━━━━━ Dataset content ━━━━━
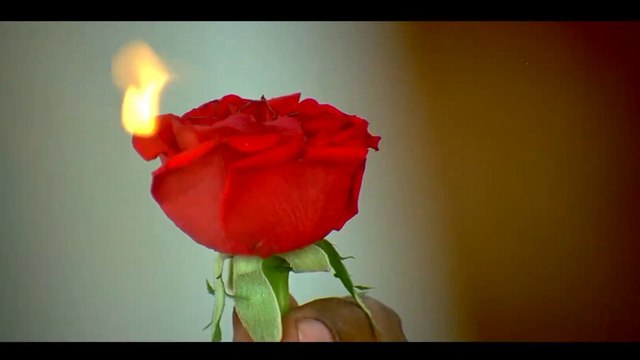 Live man's kidney operation heart wrenching comedy,Sauth moovey comedy video, Sauth moovey comedy clip, Sauth moovey clip, Hindi dubd comedy video, Comedy video sauth moovey, Comedy video clip, Comedy, Comedy Corner,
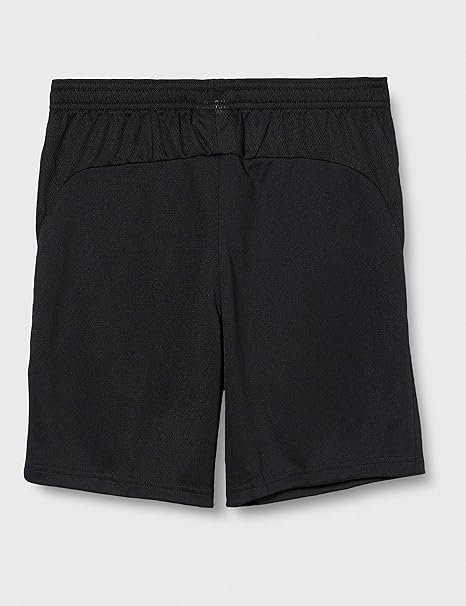 Nike Dri-FIT Academy Pro Shorts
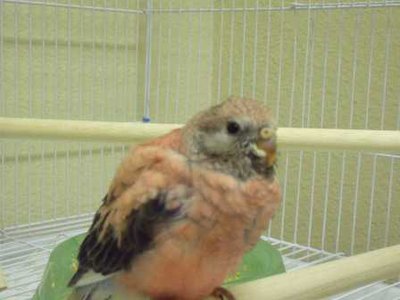 10-22 baby bourke a.jpg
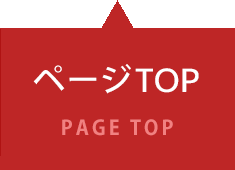 ページTOPへ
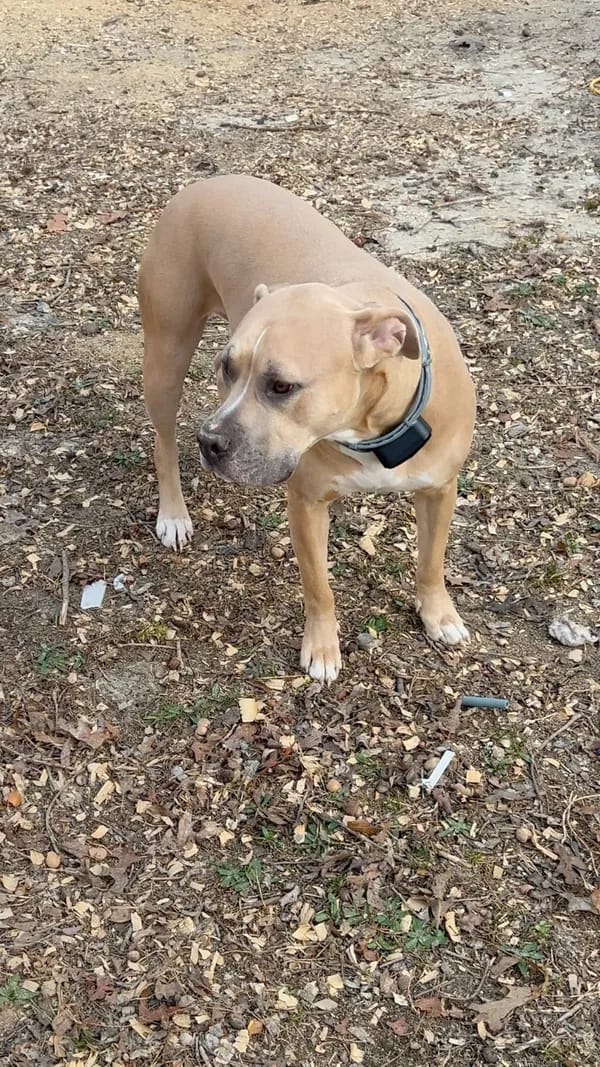 Customer photo review of PawTronic Pro Series 2 - Wireless GPS Dog Fence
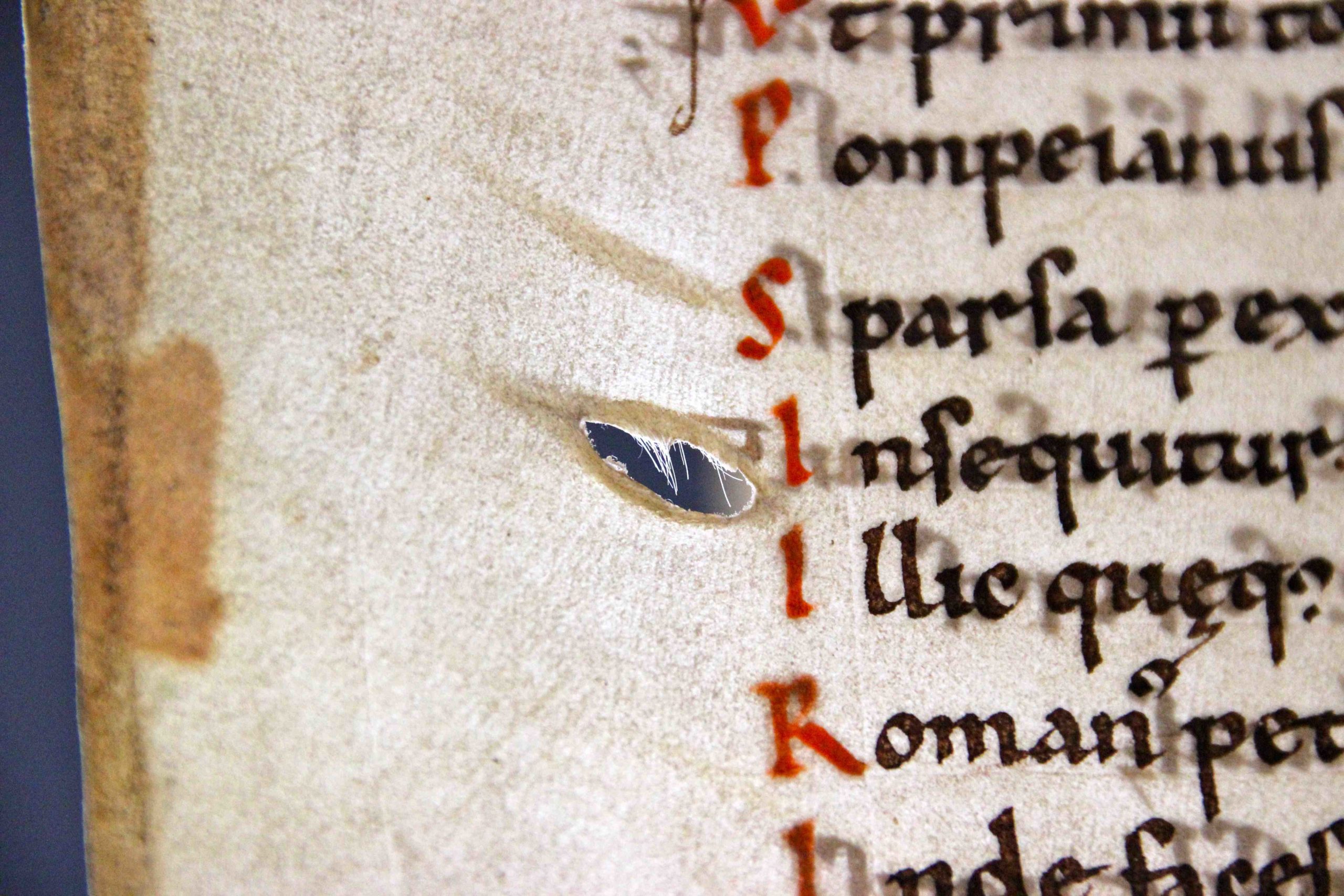 A cut, accidentally left there by the medieval parchment maker when he scraped the hairs off the processed skin. The hole contains some white hairs from the cow who "donated" his skin for the production of this book. BUR MS Q 1, c. 1100 (University Library, Leiden; photo: Erik Kwakkel)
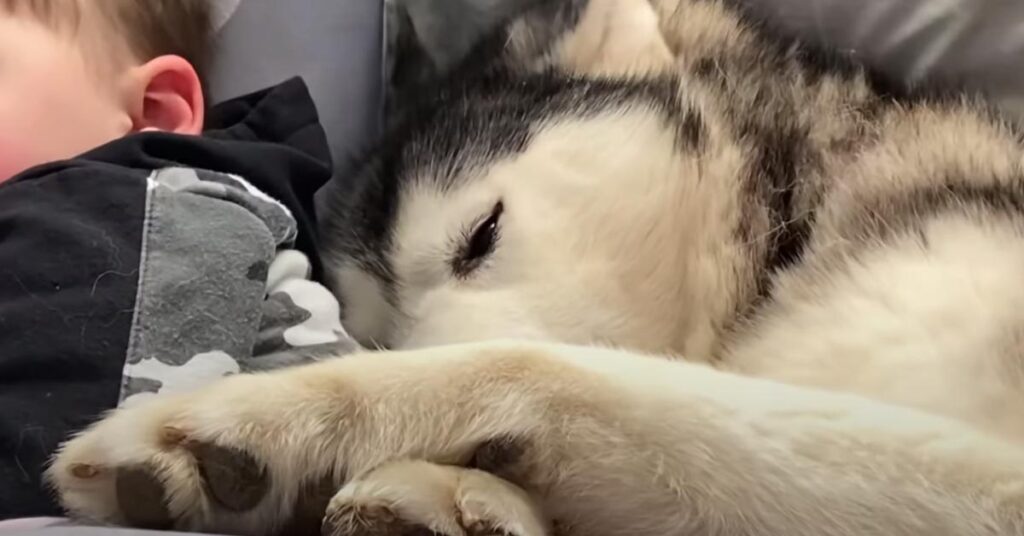 Husky che dorme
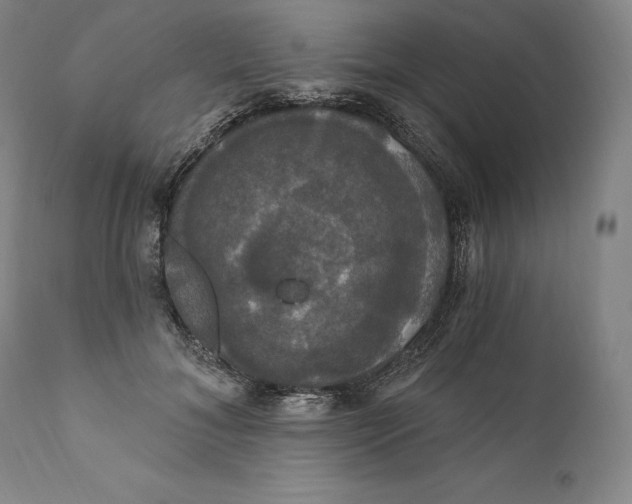 X0000111020700200907101340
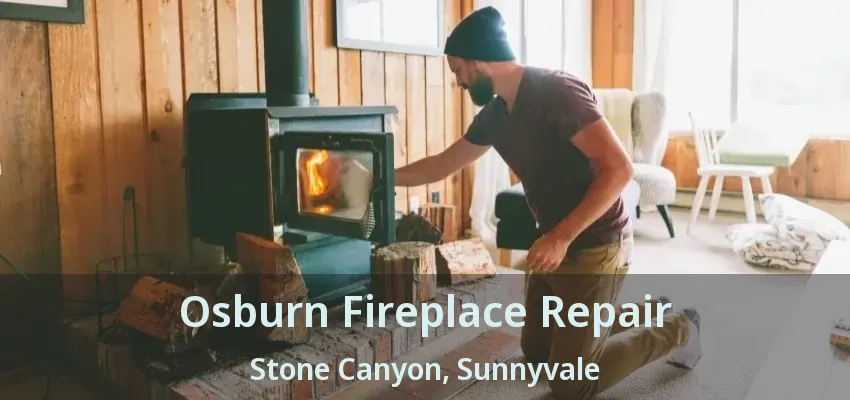 Osburn Fireplace Repair Stone Canyon, Sunnyvale - TX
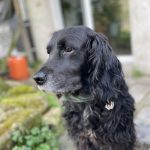 Pearl Mon Chien  Croisé Femelle stérilisée - Garde d'animaux à domicile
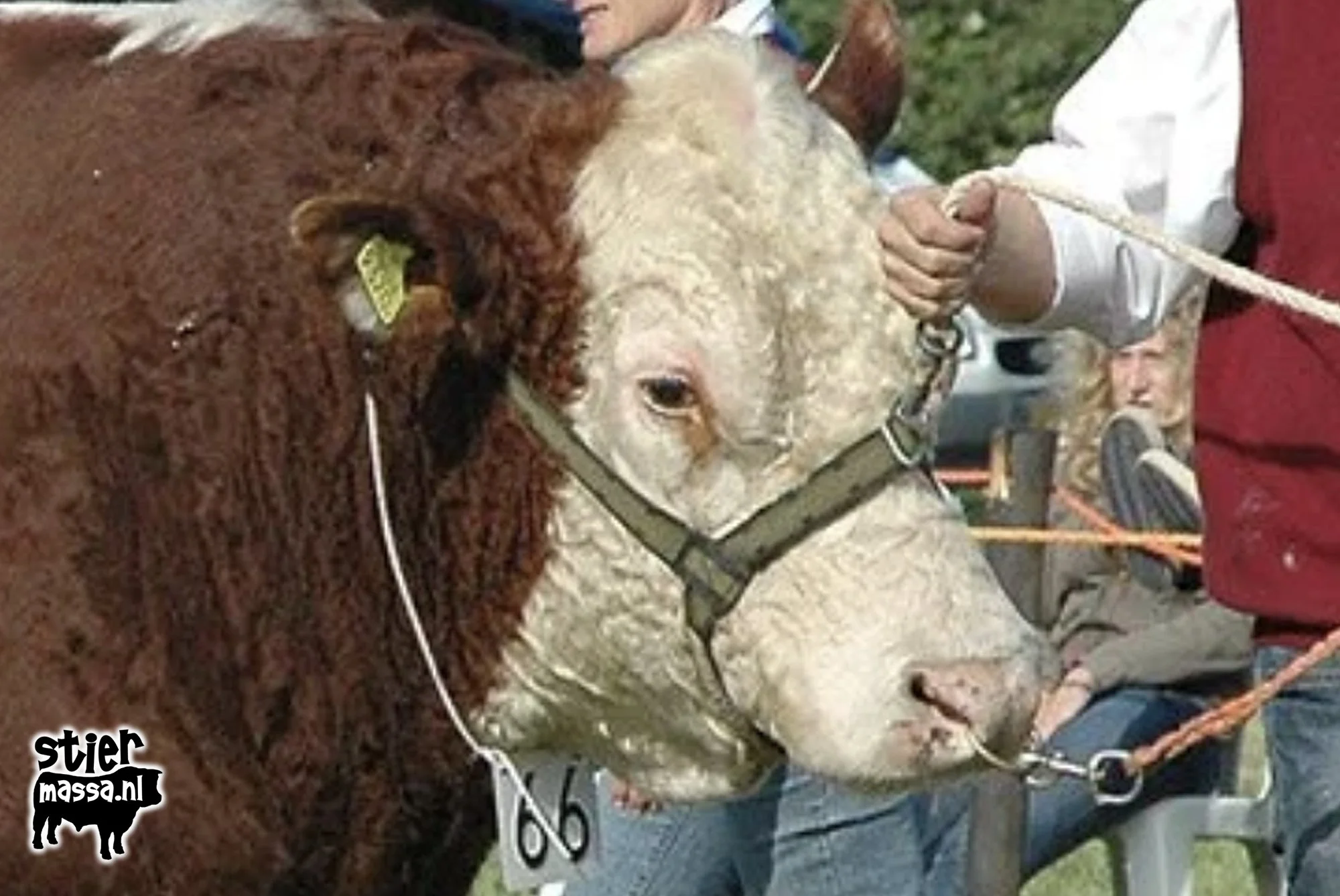 Hereford Rondavel Adam.jpg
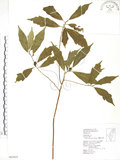 中文名:天仙果(S063655)學名:Ficus formosana Maxim.(S063655)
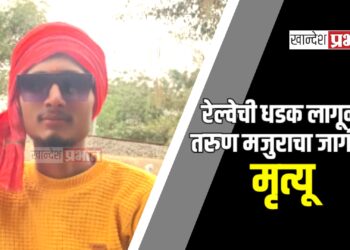 रेल्वेची धडक लागून तरुण मजुराचा जागीच मृत्यू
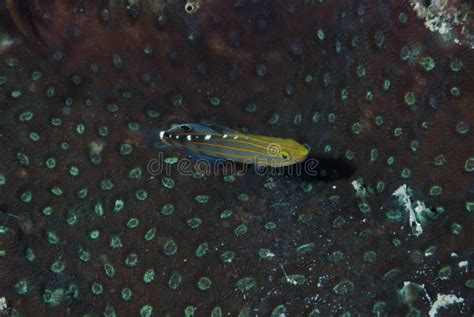 Red Striped Goby Amblygobius Rainfordi Stock Image Image Of Coral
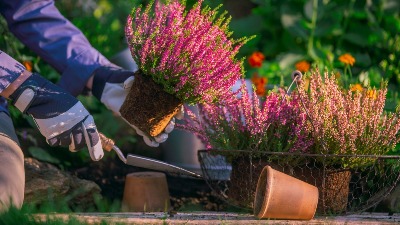 Biljka kojoj hladnoća ne smeta: Neka vaša terasa bude prelepa i zimi:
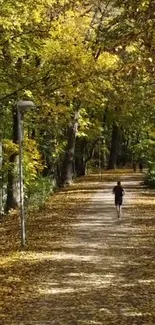 Serene autumn pathway with vibrant fall leaves on a forest trail.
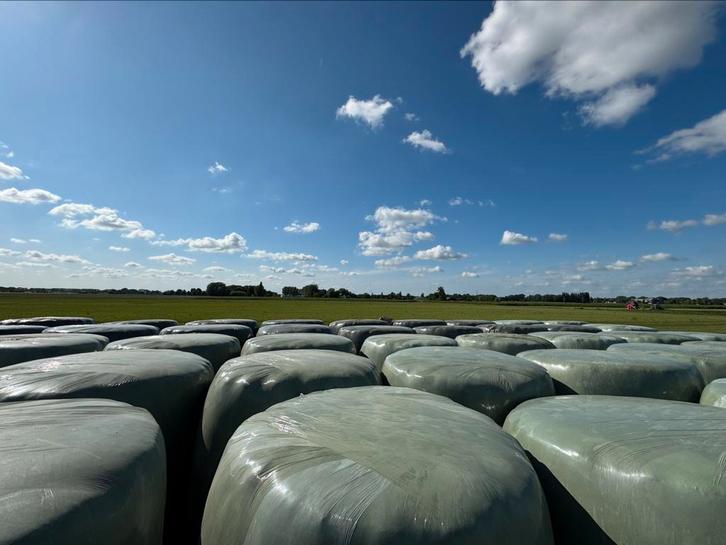 Gewikkelde hooibalen, Dieren en Toebehoren, Dierenvoeding, Ophalen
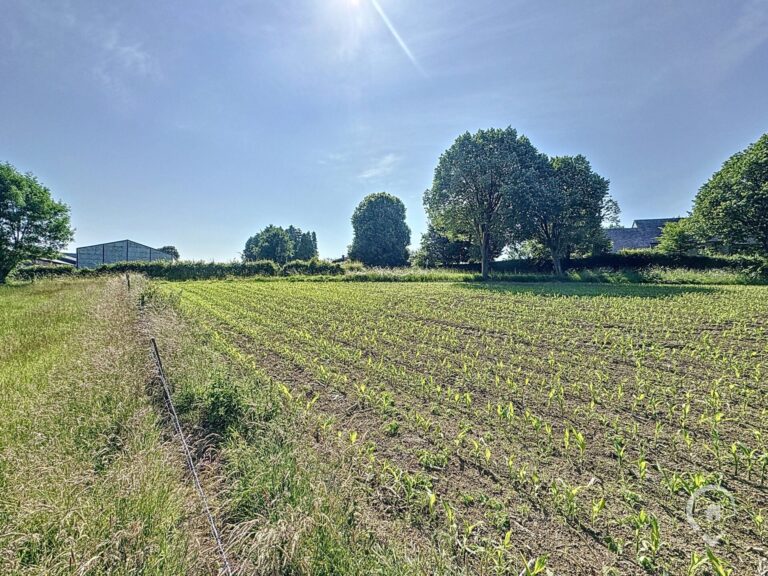 Condrogest - Terrain à bâtir de 19 ares à vendre à Durnal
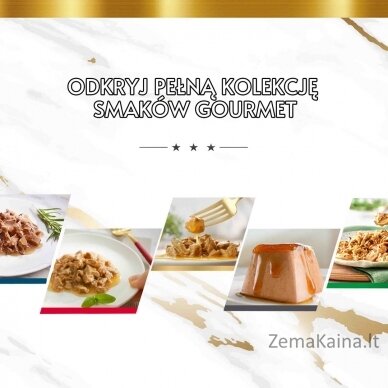 PURINA Gourmet Revelations Lašiša - drėgnas kačių maistas - 2x57 g 4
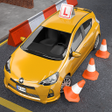 程序图标：Driving School Test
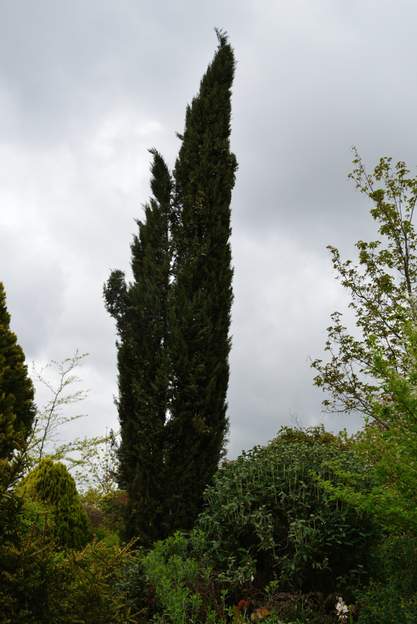 Cupressus sempervirens 'Stricta' 2013 Il n'aime pas la neige, celle de 2013, tombée en plusieurs fois, et l'âge aidant, il est de moins en moins pointu strict.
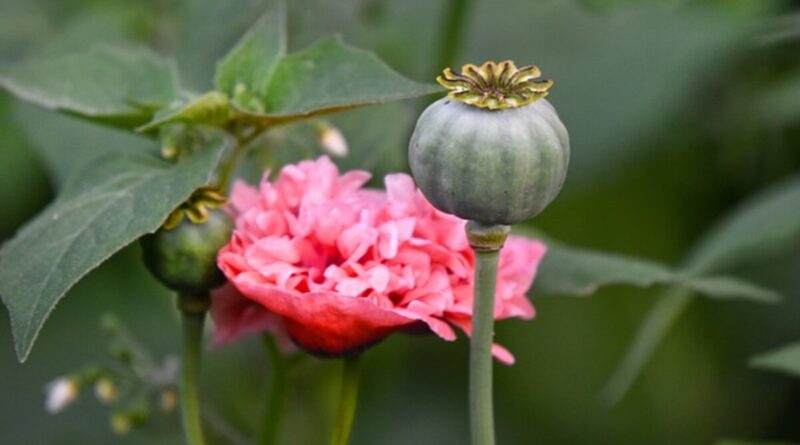 Dried poppy pods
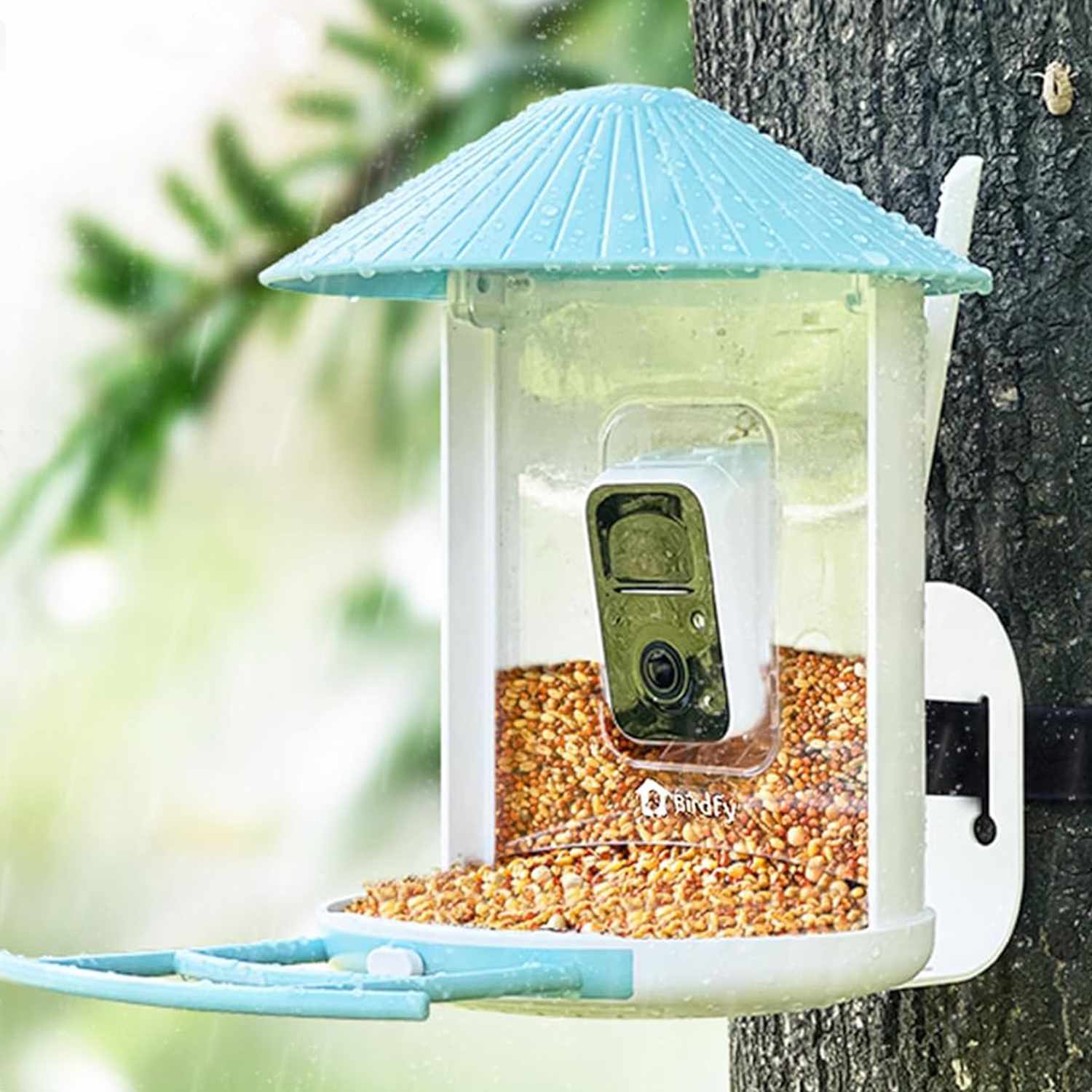 Birdfy AI smart bird feeder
━━━━━
• Task instructions: Go down the entries above from the line containing "Biljka kojoj hladnoća" to the line containing "Cupressus sempervirens 'Stricta'" and write out each line exactly, leaving pictures out.

• Output:
 Biljka kojoj hladnoća ne smeta: Neka vaša terasa bude prelepa i zimi:
 Serene autumn pathway with vibrant fall leaves on a forest trail.
 Gewikkelde hooibalen, Dieren en Toebehoren, Dierenvoeding, Ophalen
 Condrogest - Terrain à bâtir de 19 ares à vendre à Durnal
 PURINA Gourmet Revelations Lašiša - drėgnas kačių maistas - 2x57 g 4
 程序图标：Driving School Test
 Cupressus sempervirens 'Stricta' 2013 Il n'aime pas la neige, celle de 2013, tombée en plusieurs fois, et l'âge aidant, il est de moins en moins pointu strict.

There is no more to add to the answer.